Beyond this seemingly straightforward mandate, however, is another, more mysterious responsibility. It is the CST that is charged with ensuring the "survival of the tech," into the millennium and beyond, through a painstaking archiving project that will see Hubbard's every written utterance immortalized on titanium plates, and stored in underground vaults that -- according to CoS legend -- will withstand even a nuclear blast.
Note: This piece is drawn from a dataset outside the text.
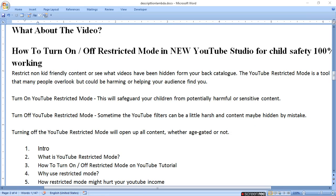Today I am going to tell you how to turn off restricted mode in new YouTube Studio, for children's safety, 100% working. Restrict non-kid-friendly content or see what videos have been restricted from your feed. The YouTube restricted mode is a tool that many people overlook but could be harming or helping your audience to find you. This will safeguard your children from potentially harmful or sensitive content.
This preservation project, virtually unknown to all but the upper ranks of COS officials, operates in strict secrecy, in remote locations throughout the Southwestern United States.
Although it is the Religious Technology Centre that takes on the day-to-day job of enforcing copyright, and policing the use of the tech, when it comes down to it, even RTC - widely considered t be the most powerful organization in the CoS hierarchy - derives the bulk of its powers from its agreements with CST. On paper, at least, the CST may be the ultimate authority - the power behind the throne from which current RTC Chairman of the Board David Miscavige rules the corporate, spiritual and fiscal roost. .
With assets that totalled more than $500 million (US) at the time of the IRS settlement agreement in 1993, it is clear that the CST is, at the very least, more than just a paper tiger. Conspiracy theories abound as to its real purpose, from the prosaic suggestion that it acts as a slush fund and money launderomat for illicit funds collected by the CoS that go straight into the pockets of the top executives, to the radical claim that it is not scientologists, but the U.S. government, in the body of the Internal Revenue Service, that really controls the 'tech', and thus, the church. Whatever the answer may be, the questions, then, are worth asking, if only to separate the facts from fiction.